# STUDY MATERIAL

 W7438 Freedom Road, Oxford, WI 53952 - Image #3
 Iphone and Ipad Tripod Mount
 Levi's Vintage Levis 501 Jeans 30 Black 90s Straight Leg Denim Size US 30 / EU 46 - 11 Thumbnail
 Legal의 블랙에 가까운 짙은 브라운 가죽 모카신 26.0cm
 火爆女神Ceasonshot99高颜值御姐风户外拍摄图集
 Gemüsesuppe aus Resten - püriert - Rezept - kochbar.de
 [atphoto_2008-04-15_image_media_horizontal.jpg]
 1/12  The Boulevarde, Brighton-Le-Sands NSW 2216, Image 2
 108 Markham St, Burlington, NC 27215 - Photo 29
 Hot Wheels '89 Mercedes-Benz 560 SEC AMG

# YOUR ASSIGNMENT
Would you output the whole listing exactly as written?

# THE ANSWER
 W7438 Freedom Road, Oxford, WI 53952 - Image #3
 Iphone and Ipad Tripod Mount
 Levi's Vintage Levis 501 Jeans 30 Black 90s Straight Leg Denim Size US 30 / EU 46 - 11 Thumbnail
 Legal의 블랙에 가까운 짙은 브라운 가죽 모카신 26.0cm
 火爆女神Ceasonshot99高颜值御姐风户外拍摄图集
 Gemüsesuppe aus Resten - püriert - Rezept - kochbar.de
 [atphoto_2008-04-15_image_media_horizontal.jpg]
 1/12  The Boulevarde, Brighton-Le-Sands NSW 2216, Image 2
 108 Markham St, Burlington, NC 27215 - Photo 29
 Hot Wheels '89 Mercedes-Benz 560 SEC AMG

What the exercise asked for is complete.